Problem to work on: Word for word, repeat the records, leaving every picture behind.

Pictures with short captions
Start of Block
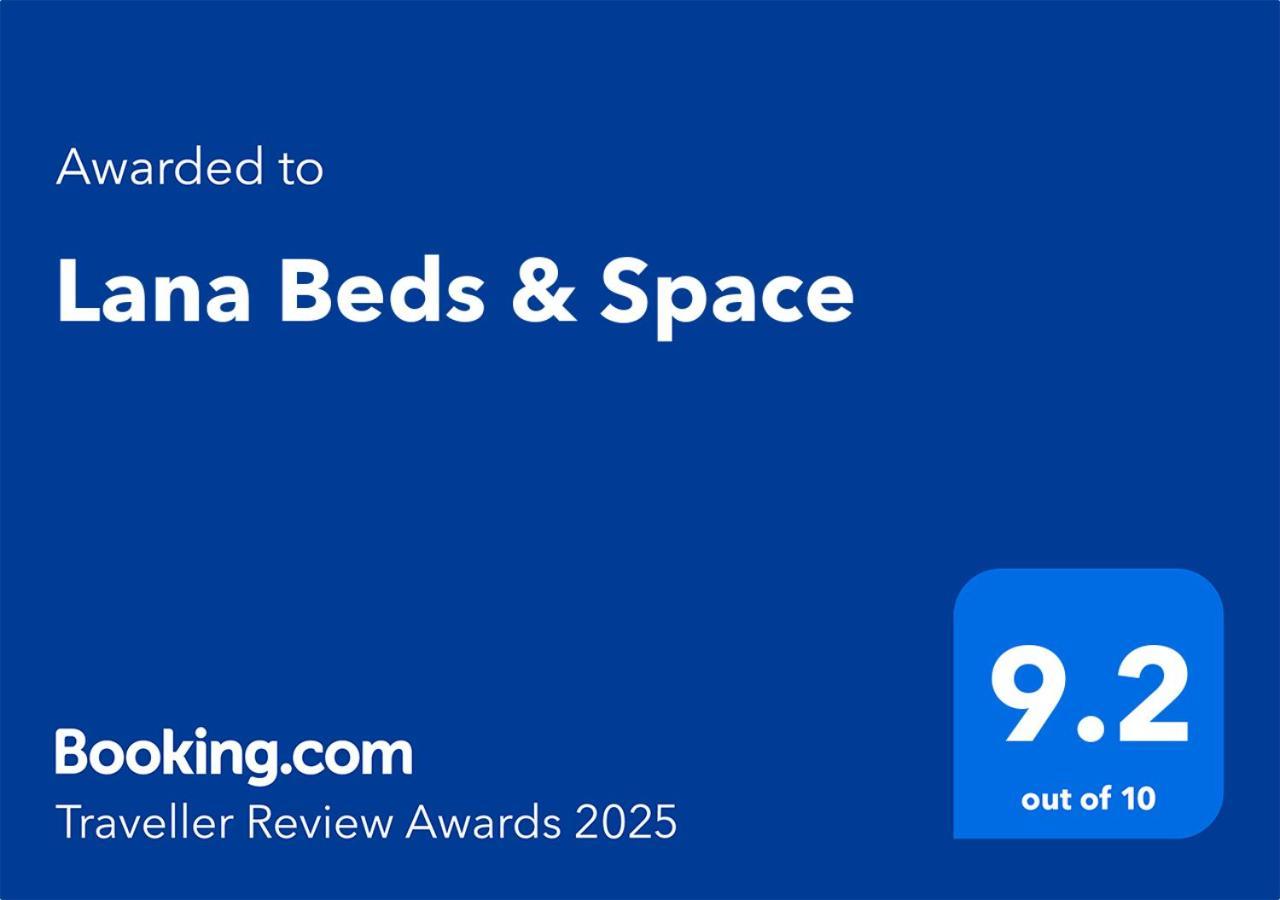 Lana Beds & Space Chiang Mai Zewnętrze zdjęcie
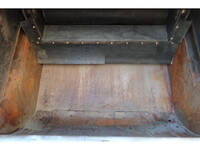 いすゞフォワードパッカー車（塵芥車）中型（4t）[写真13]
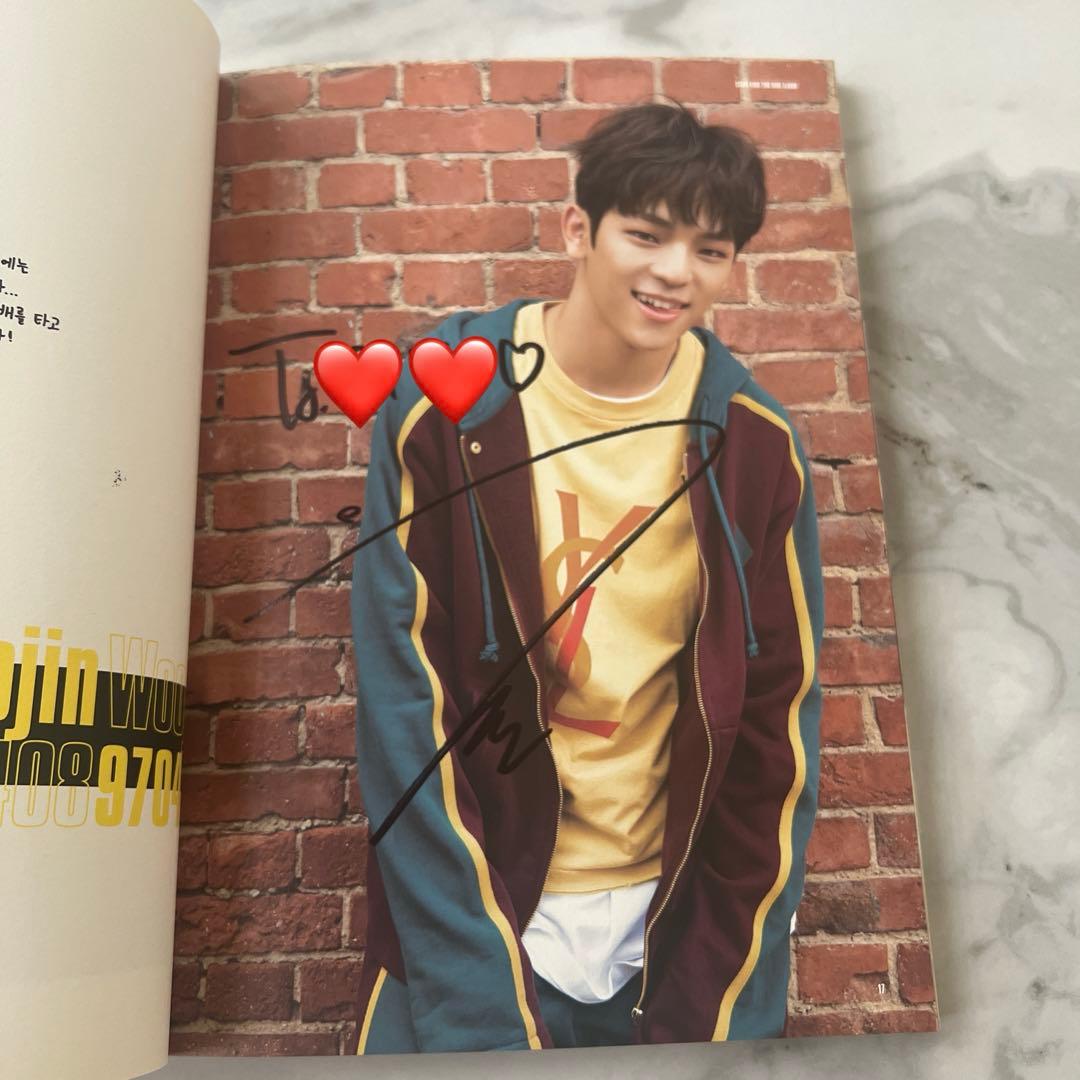 Stray Kids スキズ　サイン入り CD アルバム　I am WHO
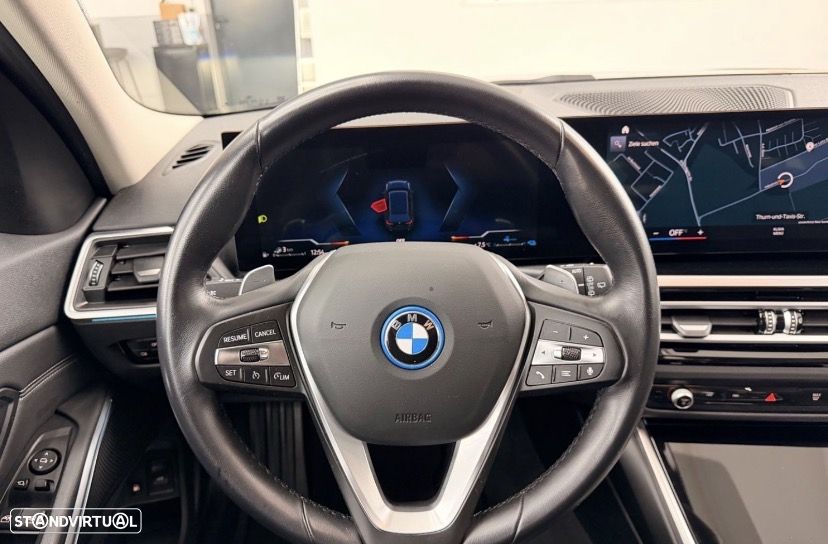 BMW 320 e Touring Auto - 15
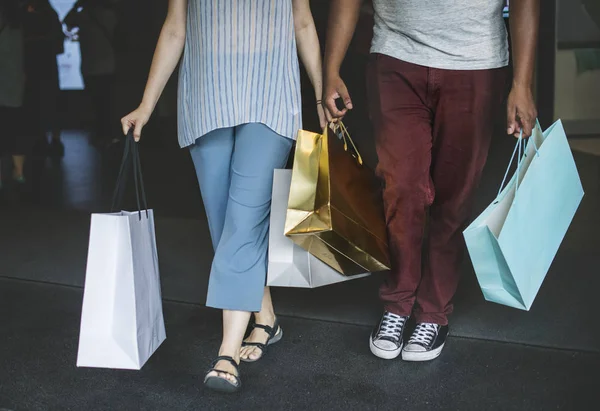 Couple Faisant Shopping Ensemble Dans Centre Commercial — Photo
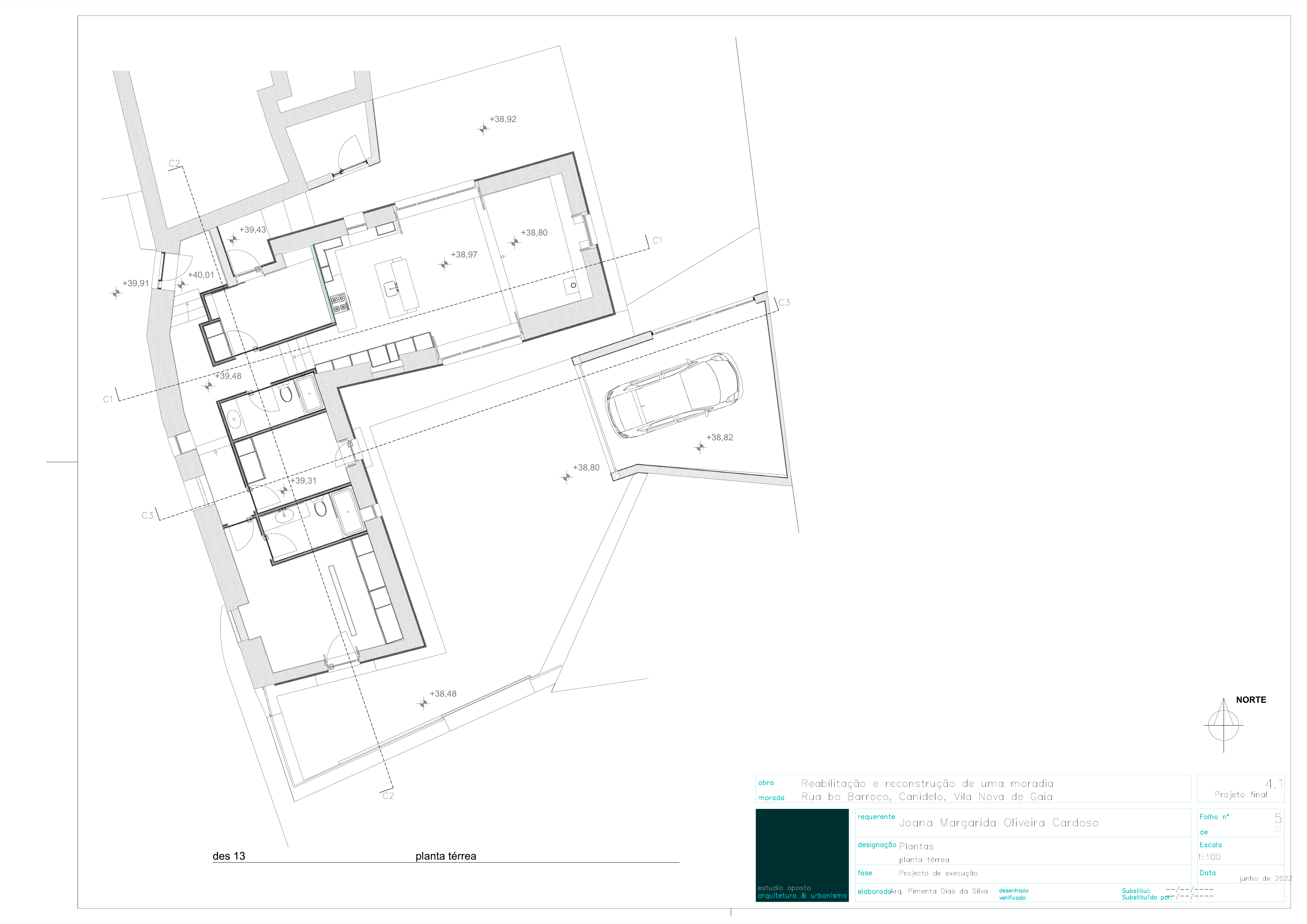 Drawing: PC-04 and PC-05 construction details at 1:20 showing flat roof wall junction material buildup with red steel beam, inverted warm roof layers, Cappotto insulation, and bathroom wall section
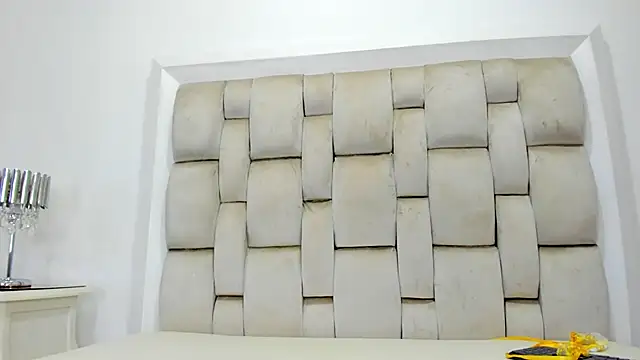 ValerieSoto's cam snapshot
End of Block
Worked solution:
 Lana Beds & Space Chiang Mai Zewnętrze zdjęcie
 いすゞフォワードパッカー車（塵芥車）中型（4t）[写真13]
 Stray Kids スキズ　サイン入り CD アルバム　I am WHO
 BMW 320 e Touring Auto - 15
 Couple Faisant Shopping Ensemble Dans Centre Commercial — Photo
 Drawing: PC-04 and PC-05 construction details at 1:20 showing flat roof wall junction material buildup with red steel beam, inverted warm roof layers, Cappotto insulation, and bathroom wall section
 ValerieSoto's cam snapshot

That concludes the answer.